* **GIVEN DATA**
------------------------------------

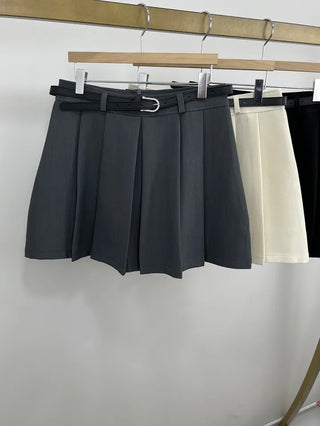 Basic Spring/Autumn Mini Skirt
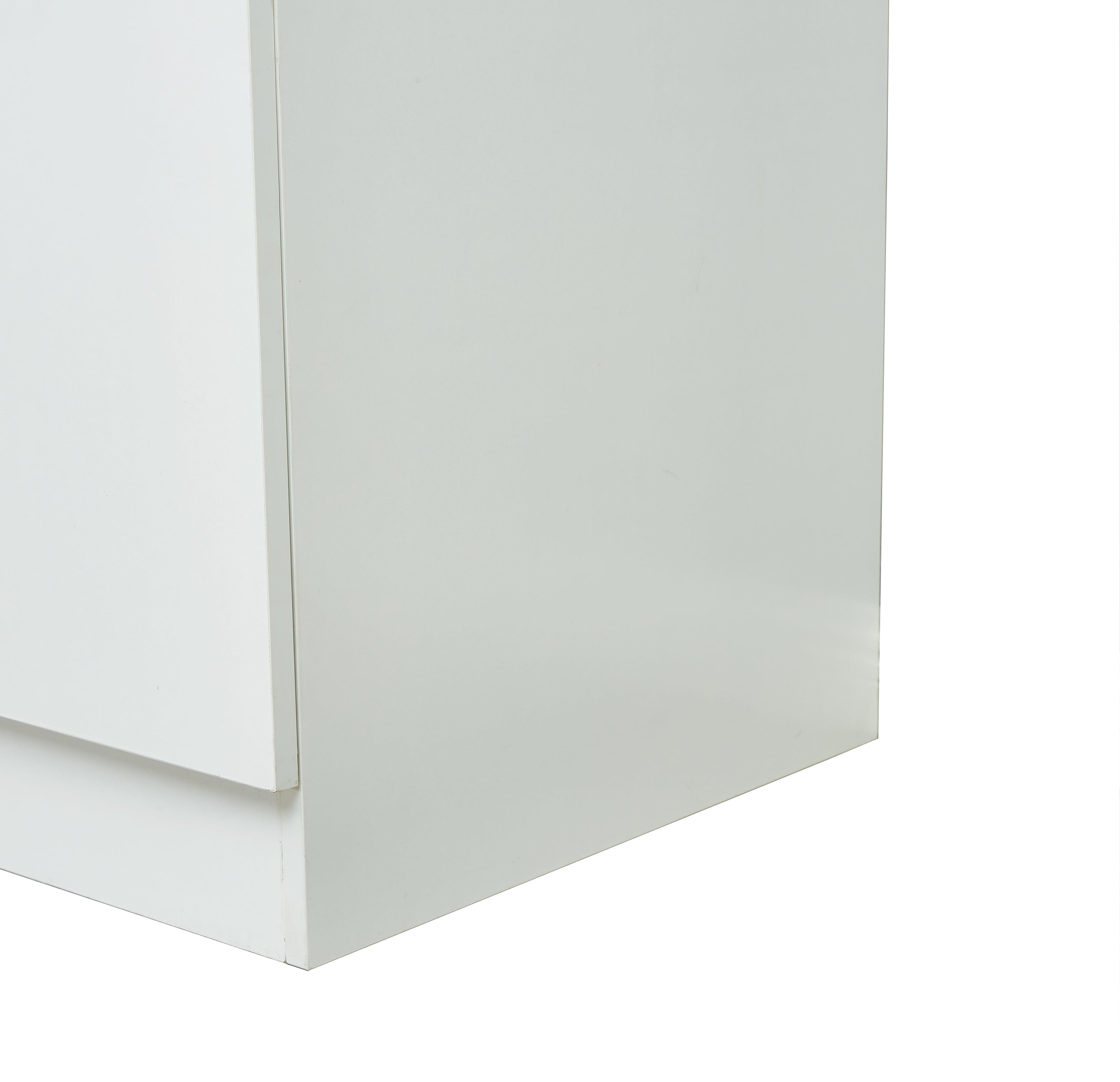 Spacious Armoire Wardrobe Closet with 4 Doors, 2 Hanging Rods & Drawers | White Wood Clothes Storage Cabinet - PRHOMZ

------------------------------------

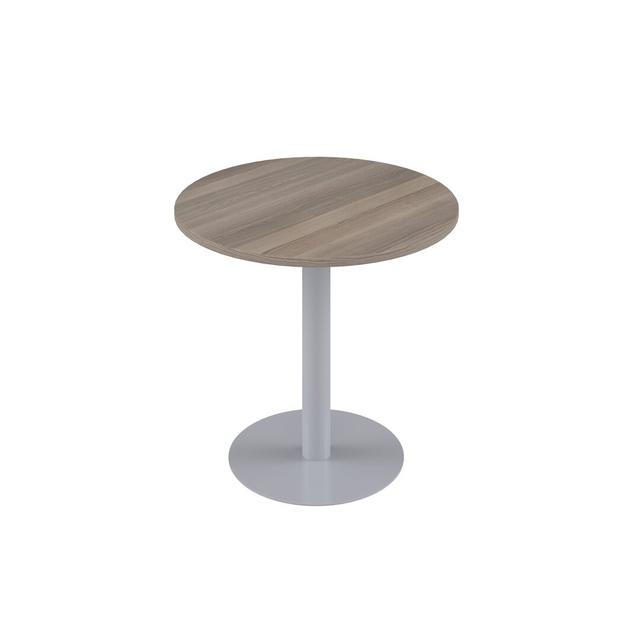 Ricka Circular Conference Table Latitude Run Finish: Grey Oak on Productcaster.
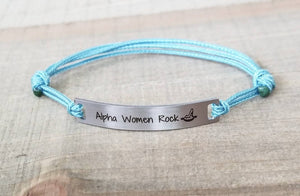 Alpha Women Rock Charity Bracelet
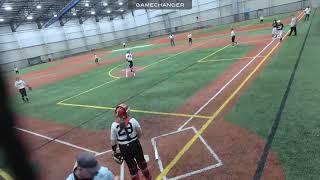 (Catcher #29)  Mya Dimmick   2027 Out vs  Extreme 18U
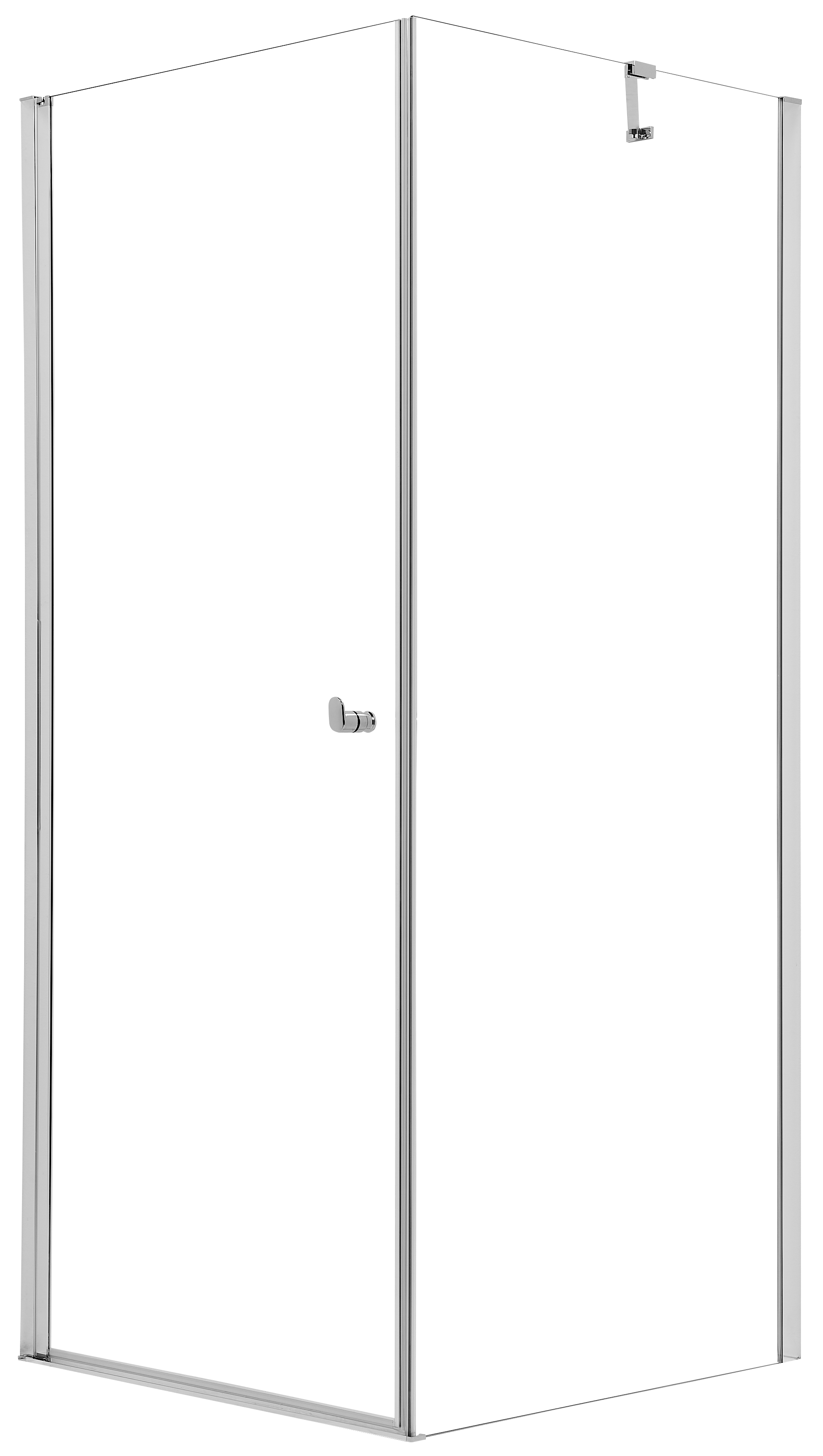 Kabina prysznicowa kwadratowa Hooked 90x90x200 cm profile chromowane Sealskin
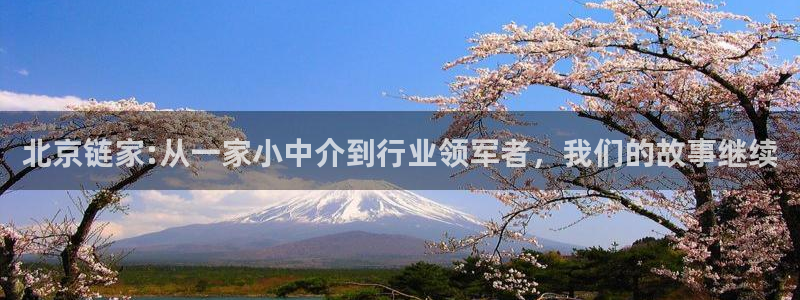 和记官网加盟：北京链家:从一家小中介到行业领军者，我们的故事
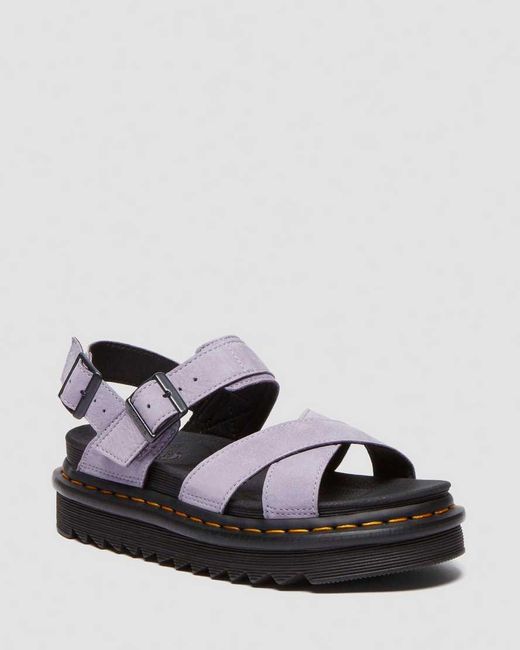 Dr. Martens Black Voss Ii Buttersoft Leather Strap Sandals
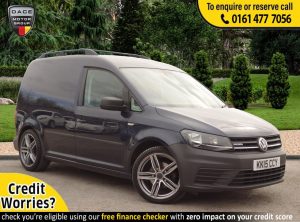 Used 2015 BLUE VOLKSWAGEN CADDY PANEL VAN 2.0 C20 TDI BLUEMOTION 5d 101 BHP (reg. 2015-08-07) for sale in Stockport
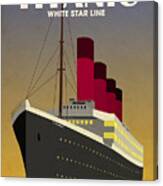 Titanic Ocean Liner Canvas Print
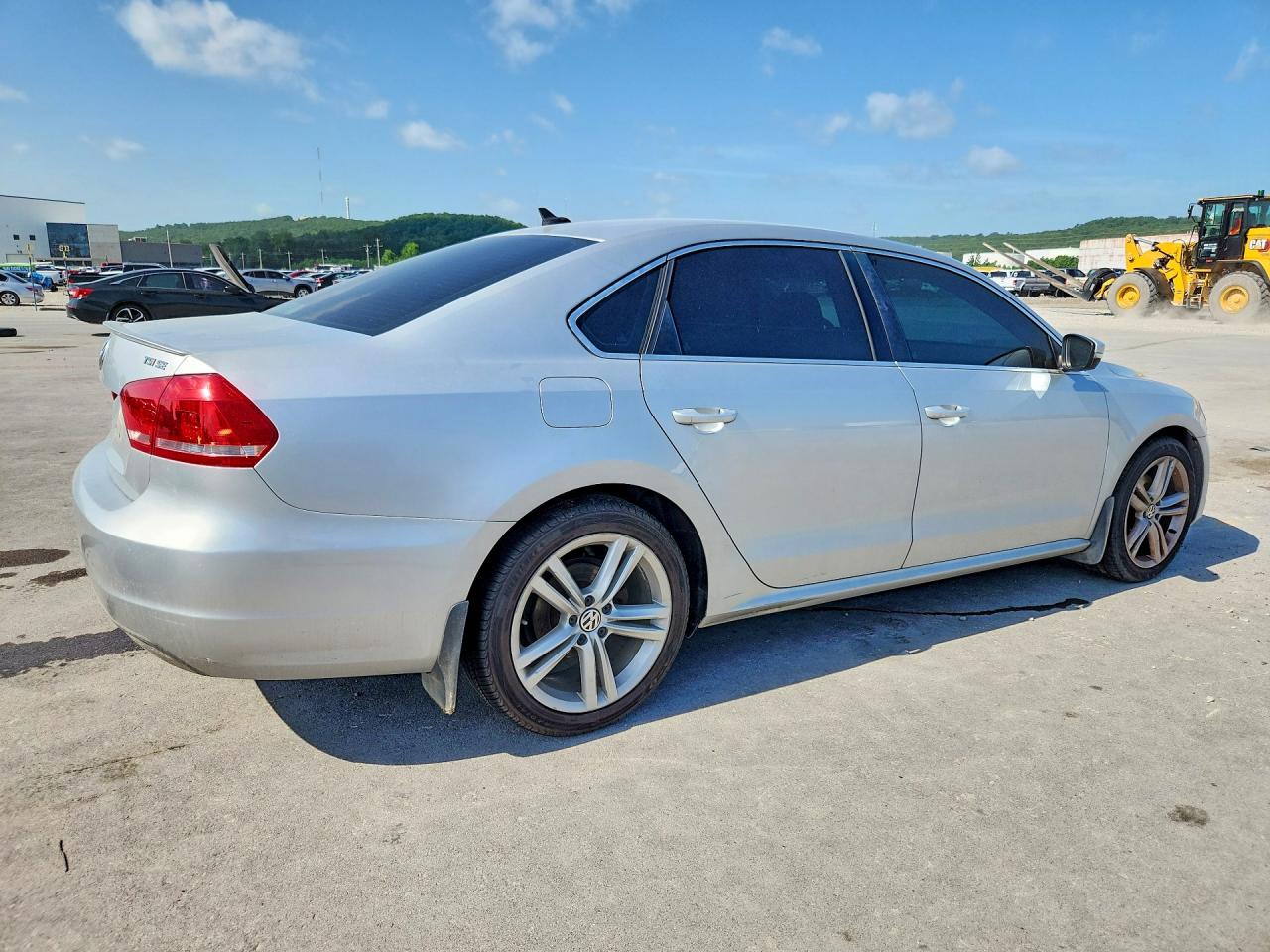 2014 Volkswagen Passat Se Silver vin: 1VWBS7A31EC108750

------------------------------------

* **ASSIGNMENT**
Of the lines above, copy only those from the one holding "Basic Spring/Autumn Mini Skirt" to the one holding "Spacious Armoire Wardrobe", both included, and exclude every image.

* **RESPONSE**
 Basic Spring/Autumn Mini Skirt
 Spacious Armoire Wardrobe Closet with 4 Doors, 2 Hanging Rods & Drawers | White Wood Clothes Storage Cabinet - PRHOMZ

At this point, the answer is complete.